Lawrence Martin has an interesting rejoinder to Stephen Harper's claim that -- economically speaking  -- Canada is at the head of the G8 pack. If you look at Canada's economic record from an historical perspective, there is little to applaud:

In an essay in a newly published academic text, University of Dalhousie economist Lars Osberg provides an answer. We stack up dismally. From 1950 into the 1980s, hourly wages grew at a good rate as did living standards. From then on growth has been “pitifully small,” he says.
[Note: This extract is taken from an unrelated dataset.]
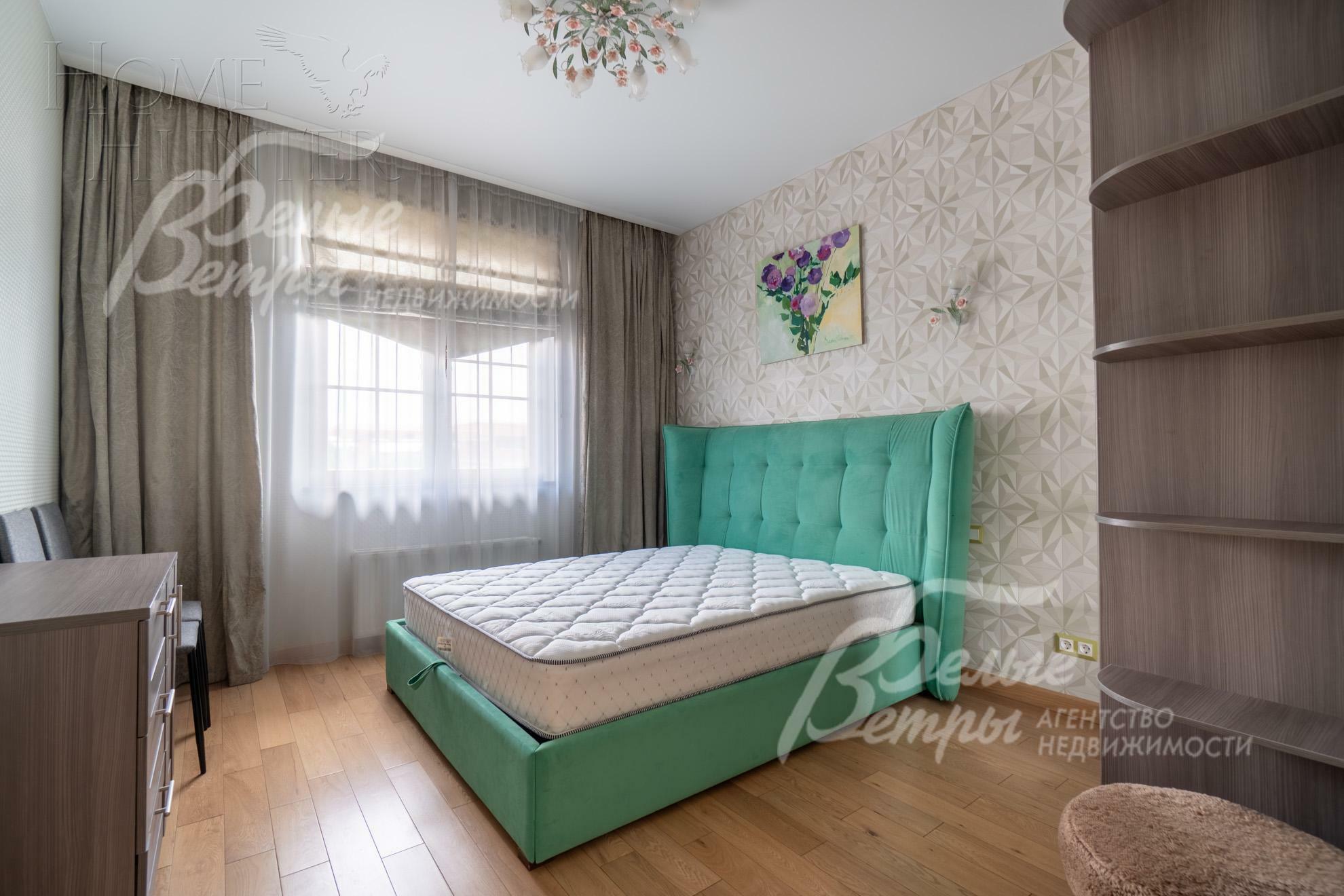 1-этажный коттедж 350 м² с отделкой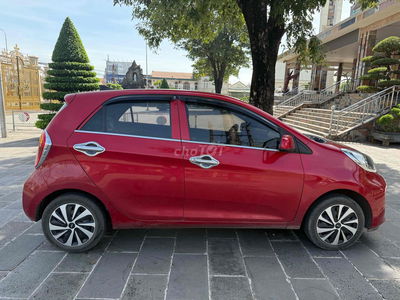 Kia Morning 2020 MT - 61000 km siêu đẹp.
“For roughly thirty years, the average real hourly wage has hardly changed in Canada and the national unemployment rate has simultaneously been high by Canadian standards. This stagnation of real hourly wages is historically unprecedented.”

Even more interesting is Pierre Trudeau's economic record. Trudeau is the bogeyman of the The Right. His sins are supposedly many. But no transgression was more egregious than his alleged economic illiteracy. However, seen through the prism of today, that record isn't bad:

The conventional wisdom is that the economic record was dismal under the Trudeau government. In the 1970s, western economies suffered through oil price shocks and stagflation and Canada suffered as a result, posting a huge deficit by the time Trudeau left office in 1984. But by comparison to later years the record wasn’t so bad. Living standards grew nicely through Trudeau’s governance and the percentage of Canadians living in poverty dropped from 23 percent in 1968 to 13 percent in 1984.

Since Trudeau left office, living standards have flat lined. Mr. Harper and Mr. Flaherty are cheerleaders for mediocrity. Mediocrity is the new normal.